Una de las lecturas más interesantes del fenómeno de los encapsulados nos la aporta Miguel Ángel García Hernández con motivo de la exposición retrospectiva del IVAM en 1994. En este texto se interpreta la “cápsula”, no como algo exterior que limita y atrapa a un personaje, sino como la formalización de un problema interno a la imagen: «como metáfora de la proyección del plástico.» 5 Según García Hernández, la imagen no se presenta ya como rastro fotográfico de un ser humano, sino que se propone una reflexión sobre su textura plástica, sobre su carácter material. Coincidiríamos plenamente con esta lectura en algunos aspectos. La cápsula se nos presenta como una auténtica “inflamación” de la imagen, «desde dentro», hasta forzar su conversión en objeto. Es necesaria esa lectura inmanente, esa «mirada inversa», es decir, el cuestionamiento profundo de lo fotográfico. Sin embargo, sólo adquiere pleno sentido tal lectura desde una petición de principio, porque aquello que es negado como mensaje nuclear de la obra (el contenido figurativo y “personalizado” de la imagen) aparece dialécticamente, al final, como fondo significativo y participante. La negación de la fotografía, la “plastificación” desde la pintura o desde la escultura, carga, sin embargo, todo su potencial transgresor sobre la especificiadad de ese medio. Lo radical de la propuesta se hallaría precisamente en que este procedimiento novedoso de Darío Villalba mantiene activo el potencial iconográfico de la imagen hasta el punto de personalizar a sus encapsulados de segunda generación. Esto es constatable en el nombre genérico que Darío Villalba les da el participio alude a la personalización desde el atributo, algo tienen de “seres”. Solo se supera el estadio de los encapsulados rosa cuando aparece el blanco y negro, cuando se desoculta el gesto humano; ello transgrede también el posible tono pop de los anteriores intentos.

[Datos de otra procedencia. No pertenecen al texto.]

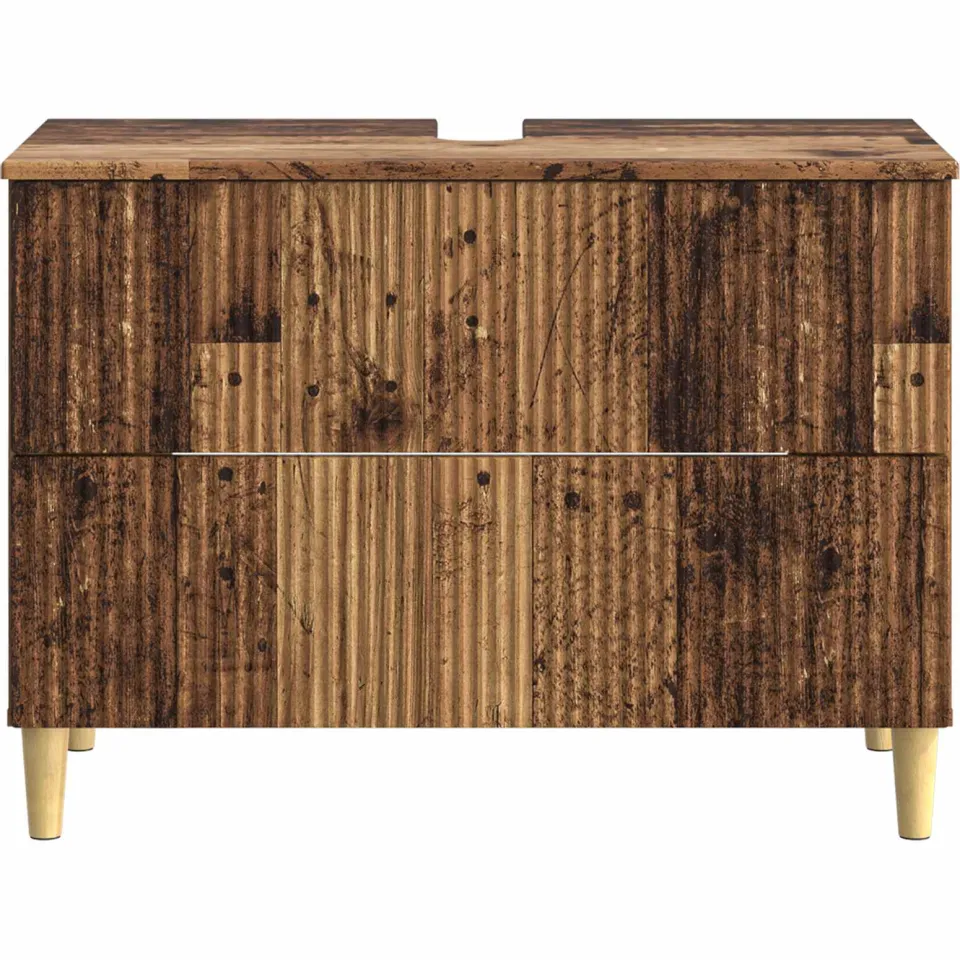 vidaXL Badkamer wastafelkast ARNHEM Oud hout 82 x 41 x 59 cm bruin, foto 4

Todo ese cúmulo de decisiones desnuda semánticamente la imagen. Éstas esculturas pasan a ser personajes, constituyen toda una imaginería gracias a lo fotográfico; aun cuando se hayan destruido o alterado los cánones elementales de ese medio. En los encapsulados se suprime el encuadre, todo se reduce a la figura. Encuadrar es intervenir radicalmente sobre la realidad, es discriminar una parte, limitar, dar forma. Al suprimir el encuadre, es decir, el carácter contextual de la imagen, su capacidad de referencia a un paisaje, ésta queda objetualizada en la figura. Darío Villalba recorta con toda fidelidad su contorno, amplía los personajes, con sus rostros y sus cuerpos, y éstos quedan en relación directa con el mismo espacio que rodea al espectador. Pasan con ello a ser tridimensionales y expanden su propia superficie plástica. Invaden otro espacio simbólico que no es el propio de la imagen, sino del objeto. Pero, simultáneamente a su inflación, pervive el señuelo analógico de la fotografía, su capacidad de aparecer como referencia neutral a la realidad, a lo humano.

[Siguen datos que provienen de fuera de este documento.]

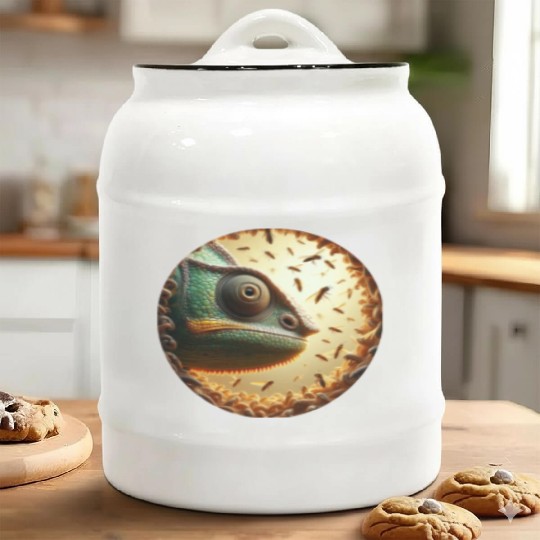 Chameleon head surrounded by bees Ceramic Cookie Jars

El procedimiento resulta impecable en su ejecución formal por esa perfecta ambigüedad, pero sólo a través de la consideración de esas virtudes connotativas puede entenderse, en nuestra opinión, la experiencia estética y presencial de contemplar un encapsulado. No se trataría, por tanto, de una lectura “expresionista” o “iconográfica” (según términos que propone García Hernández), sino de hacer notar la confluencia del gesto humano y de la imagen fotográfica como elementos constituyentes de la obra que, no sólo permanecen activos, sino que se potencian por esa manipulación.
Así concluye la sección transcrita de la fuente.